◆ DATASET ENTRIES:
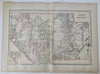 Utah & Nevada Las Vegas Salt Lake City Reno c. 1889 Bradley large map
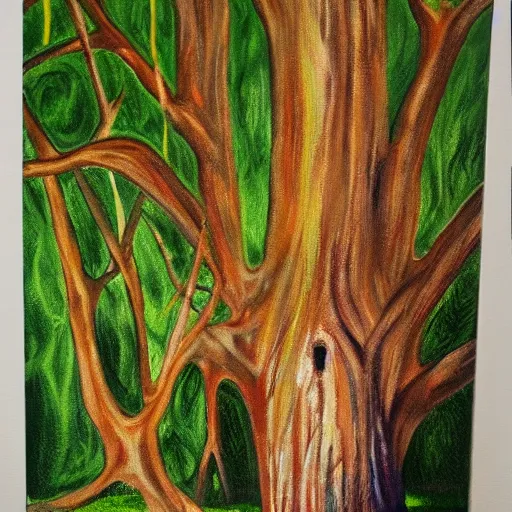 Prompt: painting of a tree with eyes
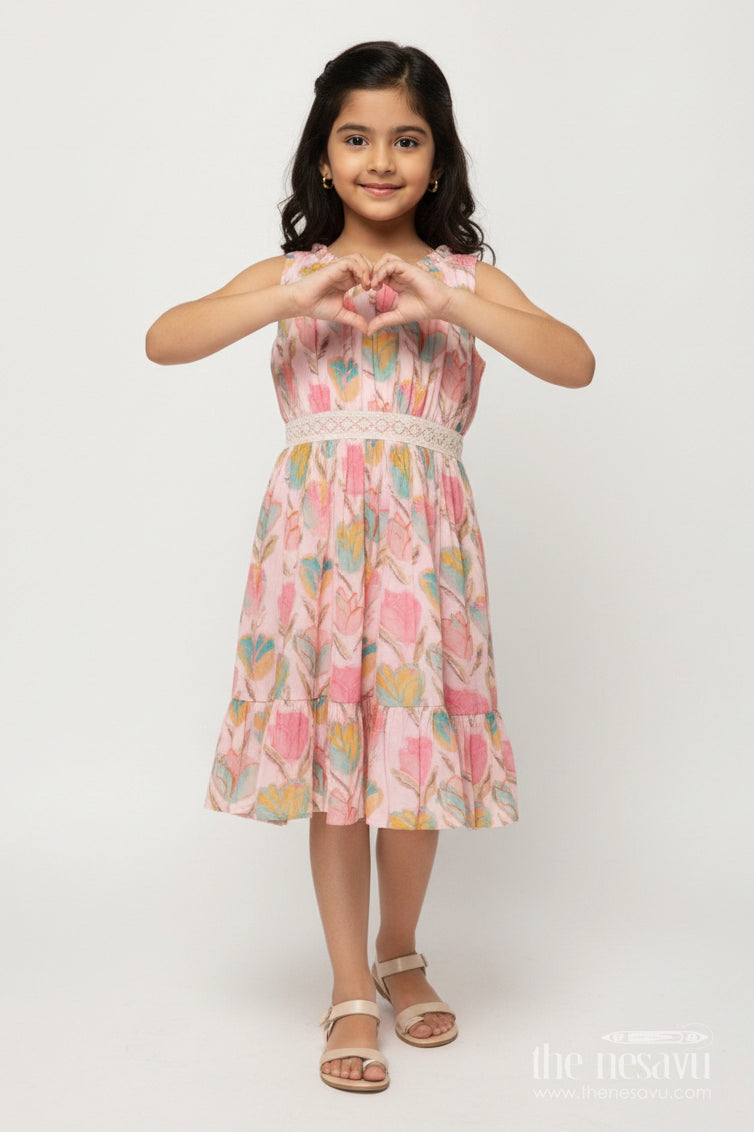 The Nesavu Girls Cotton Frock Baby Girl Printed Frock for Birthday Parties and Casual Celebrations Nesavu 18 (2Y) / Pink GFC2024A-18 Nesavu baby girl floral printed frock in modal silk for birthday parties and special outings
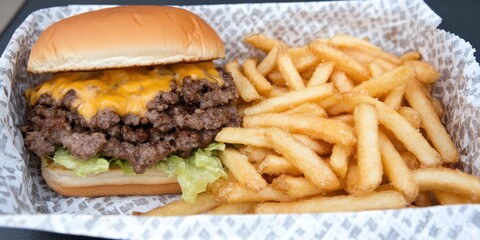 A burger with cheese and lettuce sits next to a basket of french fries. The burger is a double decker burger with a lot of meat and cheese. The fries are golden and crispy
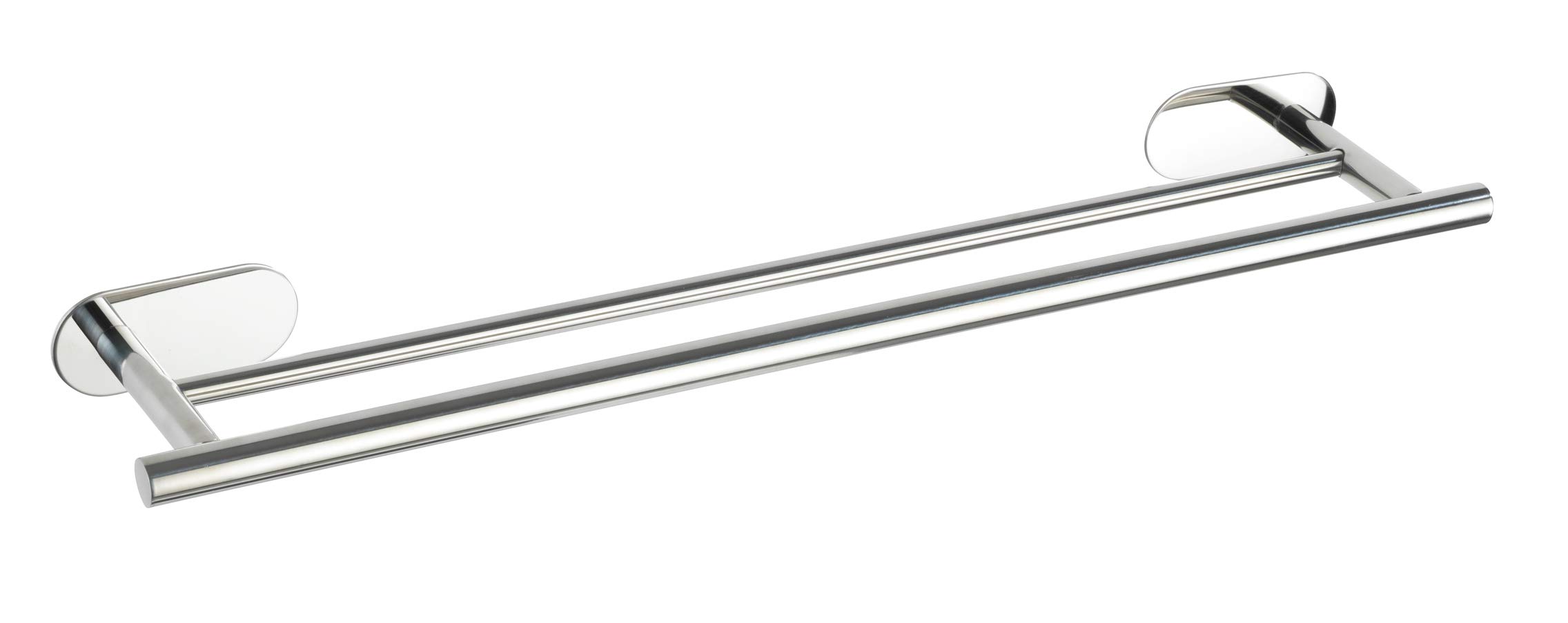 WENKO Turbo-Loc Badetuchstange Orea Shine, Befestigen ohne bohren, 2 lange Handtuchstangen für Badetuch & Handtücher, hochwertiger, rostfreier Edelstahl glänzend, 60 x 4,5 x 12 cm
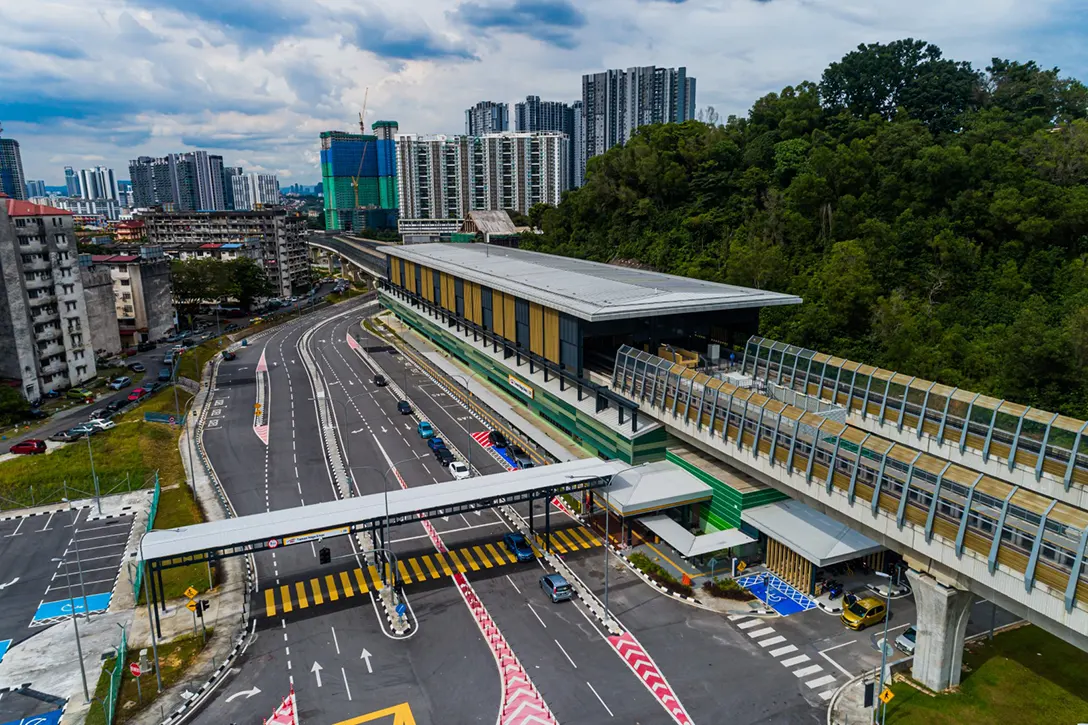 Overview of the at grade park and ride for Taman Naga Emas MRT Station.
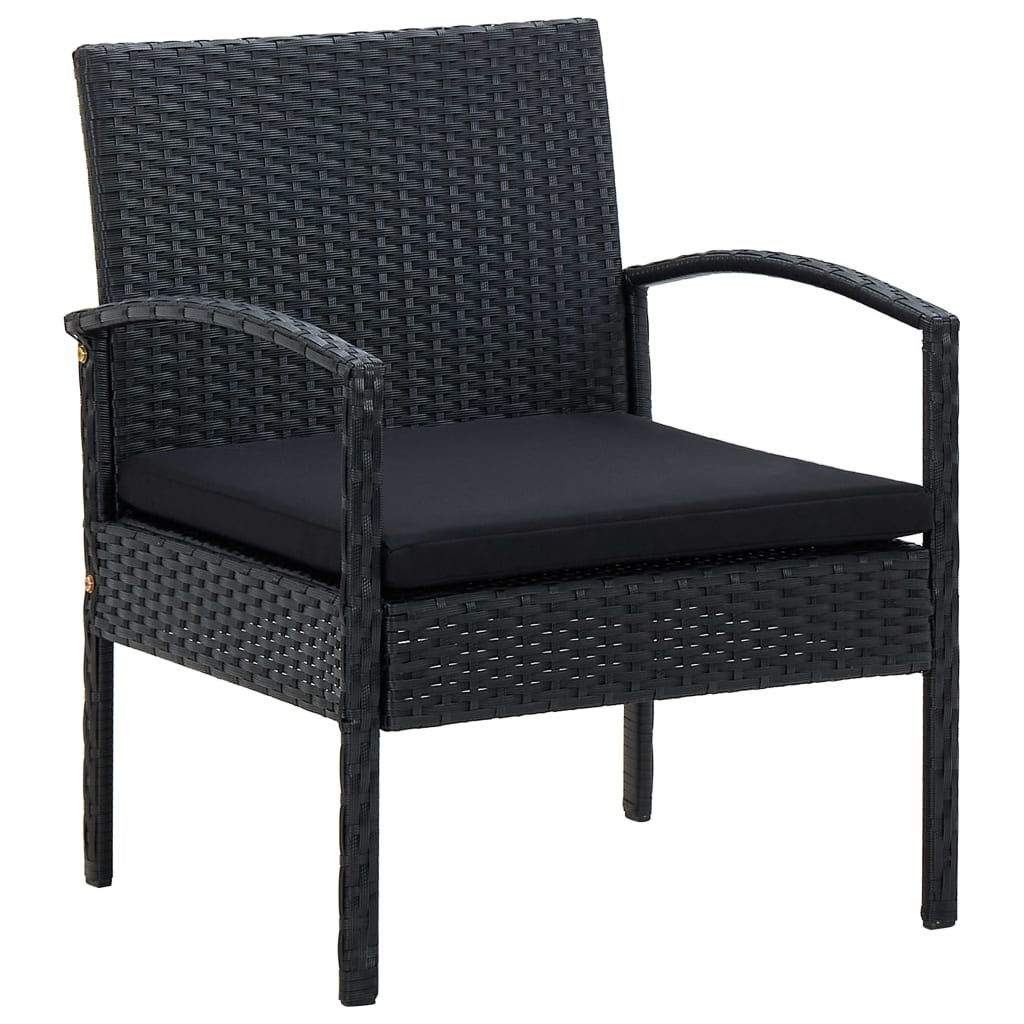 Set Divani da Giardino 5pz con Cuscini in Polyrattan Nero - homemem39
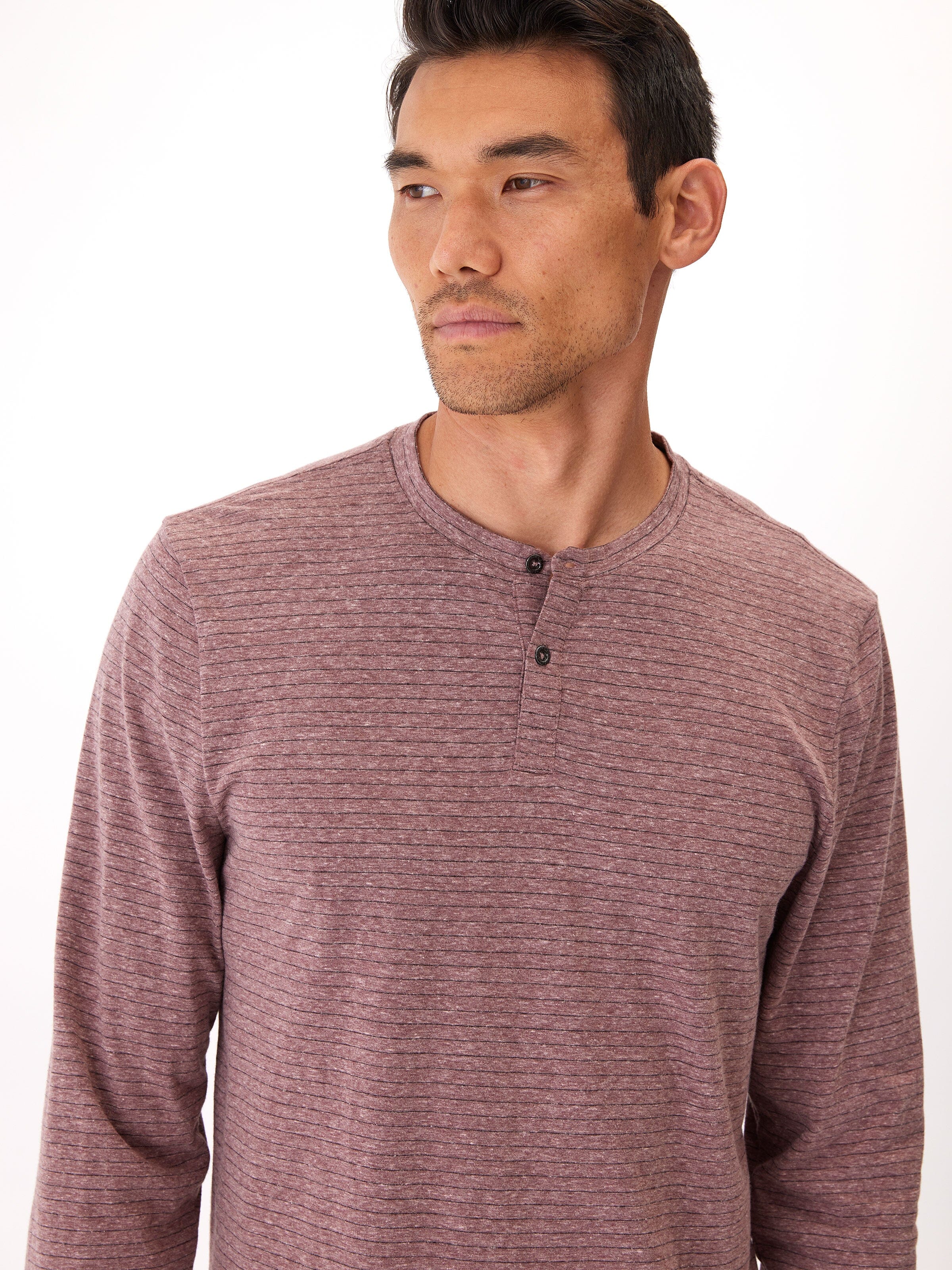 Stripe Triblend Long Sleeve Henley Shirt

◆ TASK: Your answer must be an exact copy of the records, without the pictures.

◆ SOLUTION:
 Utah & Nevada Las Vegas Salt Lake City Reno c. 1889 Bradley large map
 Prompt: painting of a tree with eyes
 The Nesavu Girls Cotton Frock Baby Girl Printed Frock for Birthday Parties and Casual Celebrations Nesavu 18 (2Y) / Pink GFC2024A-18 Nesavu baby girl floral printed frock in modal silk for birthday parties and special outings
 A burger with cheese and lettuce sits next to a basket of french fries. The burger is a double decker burger with a lot of meat and cheese. The fries are golden and crispy
 WENKO Turbo-Loc Badetuchstange Orea Shine, Befestigen ohne bohren, 2 lange Handtuchstangen für Badetuch & Handtücher, hochwertiger, rostfreier Edelstahl glänzend, 60 x 4,5 x 12 cm
 Overview of the at grade park and ride for Taman Naga Emas MRT Station.
 Set Divani da Giardino 5pz con Cuscini in Polyrattan Nero - homemem39
 Stripe Triblend Long Sleeve Henley Shirt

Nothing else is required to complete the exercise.